Another way to avoid altitude sickness is to take it easy. We will have our first day in Cusco free for you to explore. Make sure you don’t push yourself! Within 3 or 4 days, your body will acclimatize.
What are the toilets like?
All of our hotels have Western sit-down toilets. When we are away from our hotel, you may need to use a squat toilet. These amount to a hole in the ground that you squat over. Again, this is part of the experience and something that you can get used to pretty quickly. You'll probably use a squat toilet several times on your trip. Also of note, many of the toilets you use won’t have septic systems that allow for flushing toilet paper. If there is a little trashcan next to your toilet, please put your used toilet paper in there. Also, it is a good idea to always carry around a roll of toilet paper for use when we are away from our hotels. You can buy toilet paper in Peru and should keep some handy throughout your trip.
Is there any advice specifically for the Lares Trek?
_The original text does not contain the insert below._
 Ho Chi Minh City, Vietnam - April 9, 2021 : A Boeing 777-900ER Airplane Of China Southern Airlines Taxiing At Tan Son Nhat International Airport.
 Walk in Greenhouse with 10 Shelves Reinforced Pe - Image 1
A past GEEO traveler wrote:
"The Lares Trek is a moderate hike but will be challenging for the average day-hiker. Although the hike is only 20 miles, spread out over 3 days, the majority of it is uphill. The combination of altitude, incline, and trail conditions make this Trek feel substantially longer. Trail conditions vary from small dirt footpaths and dirt roads, to rock covered trails and streambeds. Waterproof hiking boots are recommended. I recommend mid-height boots for stability. The downhill portions of the trek are covered with loose stones that make it very easy to roll an ankle.
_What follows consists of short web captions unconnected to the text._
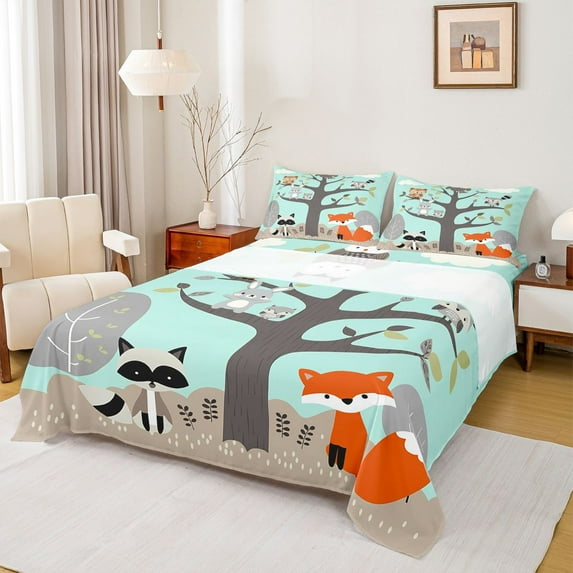 Manfei Cartoon Fox Raccoon 3pcs Twin Sheet Sets for Preppy Children Kids,Kawaii Jungle Animal Twin Fitted Sheet,Cute Wildlife Breathable Flat Sheet,Breathable Home Decor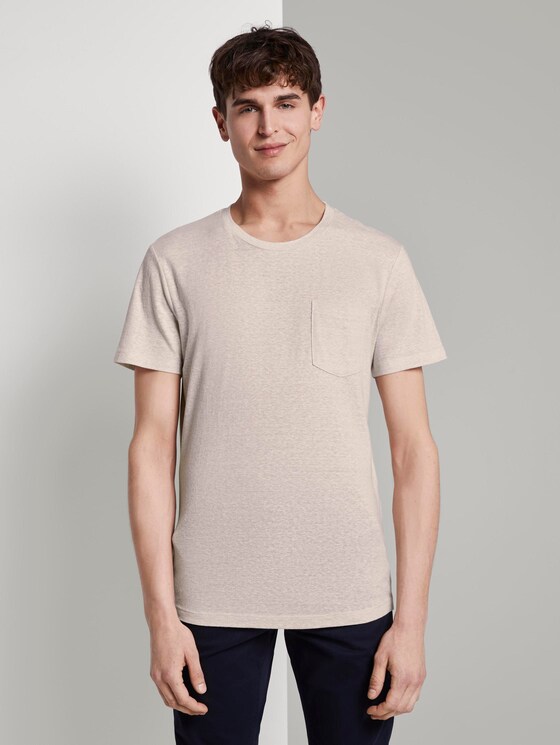 Basic T-Shirt mit Streifenstruktur - Männer - fog beige thin yarn dye stripe Basic T-Shirt mit Streifenstruktur - Männer - fog beige thin yarn dye stripe - 1 - TOM TAILOR Denim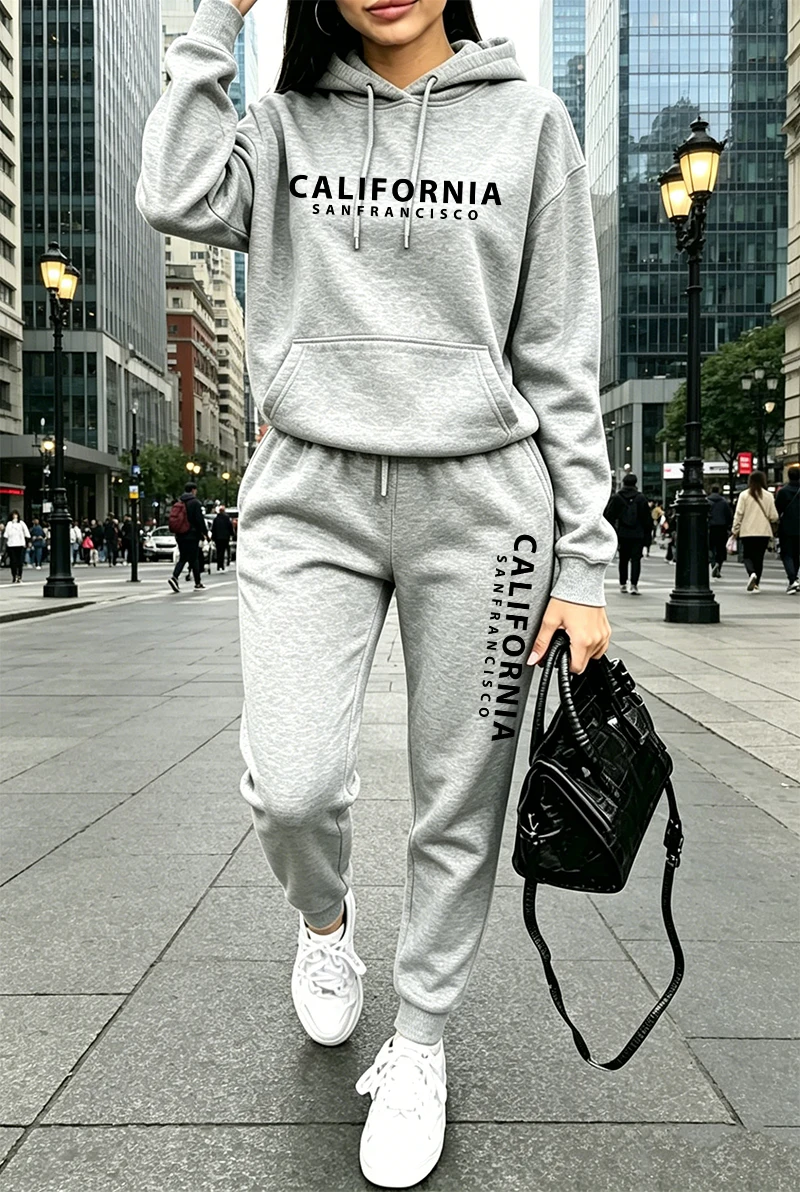 高品質レディーストラックスーツプリントカジュアルフーディスウ - Winter Clothing For Women のレビューと価格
It is also very important to bring the right clothing on this Trek. The weather changes frequently, and you need to be prepared. Layers are your best option.
In terms of packing for the trip, be prepared to pack light. You will get roughly 20 liters of space on the donkey – think a small backpack. The rest you must carry on your back. I do not recommend taking anything more than a daypack with the essentials. You will regret taking any additional weight. All you really need is an extra shirt, an extra pair of socks, a headlamp, rain gear, and water and snacks. Anything else is extra weight. The gear that G Adventures provides is excellent. There is no reason to bring your own sleeping bag. Also, do your knees a favor and rent two walking poles.
I highly recommend completing this trek. It is a wonderful experience. However, I also highly recommend training for this hike. Hike some small mountains locally, or walk beforehand. If you’re not ready to walk 10 miles straight at sea level with a 10-15 pound backpack on, this hike might be more than you can handle."